Good pen hygiene will keep your pens writing well and you happy for years and years to come. Depending on the inks you use regular cleaning will keep things working well. If you let your pens sit for a long period of time, especially with glitter or some other fancy inks, don’t be surprised when they stop working and a simple flush isn’t enough to clean them out.
If you have something hard to clean out I would recommend a mix of ammonia and water, about 1 part ammonia to 10 parts water. Then a final rinse with water. Sometimes an overnight soak is necessary. I like to fill the pen with the cleaning solution and leave it overnight.
If you use some hard to clean inks then I recommend cleaning more often between refills. If you must get a deeper clean, then I suggest you only pull the nib and feed for cleaning, soaking, and scrubbing. If they won’t budge you might need to soak it first to loosen any stubborn ink. If you’d rather not pull the nib and feed flushing with an ear syringe is a great way to clean things out.

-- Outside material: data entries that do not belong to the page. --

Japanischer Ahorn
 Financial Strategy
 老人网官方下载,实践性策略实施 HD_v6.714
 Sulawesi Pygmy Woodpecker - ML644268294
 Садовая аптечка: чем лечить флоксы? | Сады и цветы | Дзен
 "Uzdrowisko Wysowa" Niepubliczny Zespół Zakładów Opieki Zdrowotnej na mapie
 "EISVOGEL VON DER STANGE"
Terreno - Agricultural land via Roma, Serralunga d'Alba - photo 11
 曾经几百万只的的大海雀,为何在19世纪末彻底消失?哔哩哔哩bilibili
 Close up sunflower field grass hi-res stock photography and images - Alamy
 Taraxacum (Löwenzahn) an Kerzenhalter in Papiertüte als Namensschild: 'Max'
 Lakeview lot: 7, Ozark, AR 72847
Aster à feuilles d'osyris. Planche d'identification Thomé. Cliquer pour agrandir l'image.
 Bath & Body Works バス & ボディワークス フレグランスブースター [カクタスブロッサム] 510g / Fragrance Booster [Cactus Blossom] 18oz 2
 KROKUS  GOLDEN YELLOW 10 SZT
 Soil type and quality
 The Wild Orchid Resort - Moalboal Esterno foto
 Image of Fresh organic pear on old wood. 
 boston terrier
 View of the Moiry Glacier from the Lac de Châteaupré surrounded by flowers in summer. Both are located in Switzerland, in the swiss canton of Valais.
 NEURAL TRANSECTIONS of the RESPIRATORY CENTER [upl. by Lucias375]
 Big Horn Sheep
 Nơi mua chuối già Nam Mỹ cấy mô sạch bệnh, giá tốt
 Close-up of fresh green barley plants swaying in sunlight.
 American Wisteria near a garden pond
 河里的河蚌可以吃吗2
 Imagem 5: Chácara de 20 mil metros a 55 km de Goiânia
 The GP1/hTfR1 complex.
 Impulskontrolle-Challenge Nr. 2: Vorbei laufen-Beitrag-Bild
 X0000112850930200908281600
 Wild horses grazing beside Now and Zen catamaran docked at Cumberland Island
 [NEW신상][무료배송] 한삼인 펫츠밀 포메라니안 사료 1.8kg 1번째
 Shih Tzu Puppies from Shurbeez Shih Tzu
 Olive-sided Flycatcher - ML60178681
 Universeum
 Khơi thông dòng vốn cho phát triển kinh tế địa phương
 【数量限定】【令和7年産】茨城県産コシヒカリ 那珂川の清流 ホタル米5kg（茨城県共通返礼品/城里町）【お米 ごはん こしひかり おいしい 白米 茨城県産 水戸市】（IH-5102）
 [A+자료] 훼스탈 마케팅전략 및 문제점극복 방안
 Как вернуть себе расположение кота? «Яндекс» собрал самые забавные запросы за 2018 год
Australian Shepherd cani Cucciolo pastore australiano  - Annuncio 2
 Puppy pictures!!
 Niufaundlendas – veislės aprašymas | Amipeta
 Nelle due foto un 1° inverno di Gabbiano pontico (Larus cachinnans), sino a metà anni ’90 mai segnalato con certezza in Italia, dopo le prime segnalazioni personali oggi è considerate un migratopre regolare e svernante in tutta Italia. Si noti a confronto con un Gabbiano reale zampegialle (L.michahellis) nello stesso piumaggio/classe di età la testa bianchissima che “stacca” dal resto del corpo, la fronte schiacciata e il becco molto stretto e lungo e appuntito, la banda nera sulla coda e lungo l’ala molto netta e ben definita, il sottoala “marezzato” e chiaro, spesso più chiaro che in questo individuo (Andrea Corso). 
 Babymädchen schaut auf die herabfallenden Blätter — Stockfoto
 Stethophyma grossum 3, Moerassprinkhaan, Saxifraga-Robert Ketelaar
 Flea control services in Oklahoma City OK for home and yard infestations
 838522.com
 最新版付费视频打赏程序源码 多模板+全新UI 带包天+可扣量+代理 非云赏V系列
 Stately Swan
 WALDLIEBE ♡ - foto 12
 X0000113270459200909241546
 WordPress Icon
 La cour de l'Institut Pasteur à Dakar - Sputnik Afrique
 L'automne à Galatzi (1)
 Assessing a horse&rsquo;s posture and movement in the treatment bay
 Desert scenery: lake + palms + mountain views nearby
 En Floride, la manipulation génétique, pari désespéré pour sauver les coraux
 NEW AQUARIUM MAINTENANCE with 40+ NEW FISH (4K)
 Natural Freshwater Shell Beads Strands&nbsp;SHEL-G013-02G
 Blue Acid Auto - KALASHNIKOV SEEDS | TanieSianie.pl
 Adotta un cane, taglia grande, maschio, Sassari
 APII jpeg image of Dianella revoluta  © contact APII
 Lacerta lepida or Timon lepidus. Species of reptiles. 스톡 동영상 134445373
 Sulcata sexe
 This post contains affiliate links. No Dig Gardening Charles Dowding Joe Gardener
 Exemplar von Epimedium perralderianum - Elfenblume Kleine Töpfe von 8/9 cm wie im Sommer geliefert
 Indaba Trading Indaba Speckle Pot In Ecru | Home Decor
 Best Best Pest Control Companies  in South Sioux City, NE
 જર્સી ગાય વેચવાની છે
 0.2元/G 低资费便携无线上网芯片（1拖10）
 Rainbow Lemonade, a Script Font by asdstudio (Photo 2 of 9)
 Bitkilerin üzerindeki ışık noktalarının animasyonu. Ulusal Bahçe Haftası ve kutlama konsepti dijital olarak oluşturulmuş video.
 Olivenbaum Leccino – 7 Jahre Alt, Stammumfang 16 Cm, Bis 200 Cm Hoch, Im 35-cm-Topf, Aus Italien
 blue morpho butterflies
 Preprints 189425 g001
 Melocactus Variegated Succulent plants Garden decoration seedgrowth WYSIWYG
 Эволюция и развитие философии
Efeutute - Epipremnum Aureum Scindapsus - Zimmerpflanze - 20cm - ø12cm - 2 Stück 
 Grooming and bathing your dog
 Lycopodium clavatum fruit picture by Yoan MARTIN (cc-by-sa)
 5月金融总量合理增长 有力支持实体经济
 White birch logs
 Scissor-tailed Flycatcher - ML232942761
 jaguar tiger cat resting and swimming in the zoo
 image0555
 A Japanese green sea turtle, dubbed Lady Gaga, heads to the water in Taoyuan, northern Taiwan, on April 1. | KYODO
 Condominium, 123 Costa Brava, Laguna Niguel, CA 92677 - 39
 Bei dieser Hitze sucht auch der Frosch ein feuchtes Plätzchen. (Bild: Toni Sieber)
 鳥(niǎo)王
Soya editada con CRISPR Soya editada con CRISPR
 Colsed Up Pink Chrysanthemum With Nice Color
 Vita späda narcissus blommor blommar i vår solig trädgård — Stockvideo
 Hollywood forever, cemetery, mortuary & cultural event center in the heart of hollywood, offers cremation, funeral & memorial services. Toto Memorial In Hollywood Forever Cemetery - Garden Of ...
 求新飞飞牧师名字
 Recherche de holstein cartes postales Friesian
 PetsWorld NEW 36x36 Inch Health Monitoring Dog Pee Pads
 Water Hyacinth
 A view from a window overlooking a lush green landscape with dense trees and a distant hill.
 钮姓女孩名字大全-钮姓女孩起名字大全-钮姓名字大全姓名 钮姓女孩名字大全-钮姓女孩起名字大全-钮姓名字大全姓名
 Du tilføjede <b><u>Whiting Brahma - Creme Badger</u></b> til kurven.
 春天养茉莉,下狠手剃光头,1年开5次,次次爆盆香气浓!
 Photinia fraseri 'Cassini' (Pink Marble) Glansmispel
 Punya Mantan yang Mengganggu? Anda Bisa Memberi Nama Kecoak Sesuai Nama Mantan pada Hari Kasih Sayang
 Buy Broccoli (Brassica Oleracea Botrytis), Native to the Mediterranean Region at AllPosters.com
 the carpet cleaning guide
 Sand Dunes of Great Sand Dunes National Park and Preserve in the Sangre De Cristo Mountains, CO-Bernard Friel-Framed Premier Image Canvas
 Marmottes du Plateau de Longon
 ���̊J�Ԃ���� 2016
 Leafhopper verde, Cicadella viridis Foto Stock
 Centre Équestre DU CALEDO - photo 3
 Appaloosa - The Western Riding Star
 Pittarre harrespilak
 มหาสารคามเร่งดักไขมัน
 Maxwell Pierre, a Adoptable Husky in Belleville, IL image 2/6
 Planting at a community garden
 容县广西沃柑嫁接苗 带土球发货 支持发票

Every now and then though, you get something nasty at the pointy end of your pen, or in a bottle of ink.
What to do?
With that contaminated bottle of ink, whether it’s fuzzy mold on the top, or a glob of jelly deep inside, it’s easiest to just toss it. It’s not worth getting your pens sick. Ink is relatively cheap, especially compared to your fine writing instruments.
When you have fuzz on the nib? Oh buddy. Things are serious now.
You can use a mild ammonia/water mix to clean parts with. With mold, a flush won’t be enough, so taking your pen apart for a good deep cleaning is best. If you don’t know how to take your pen apart, get help.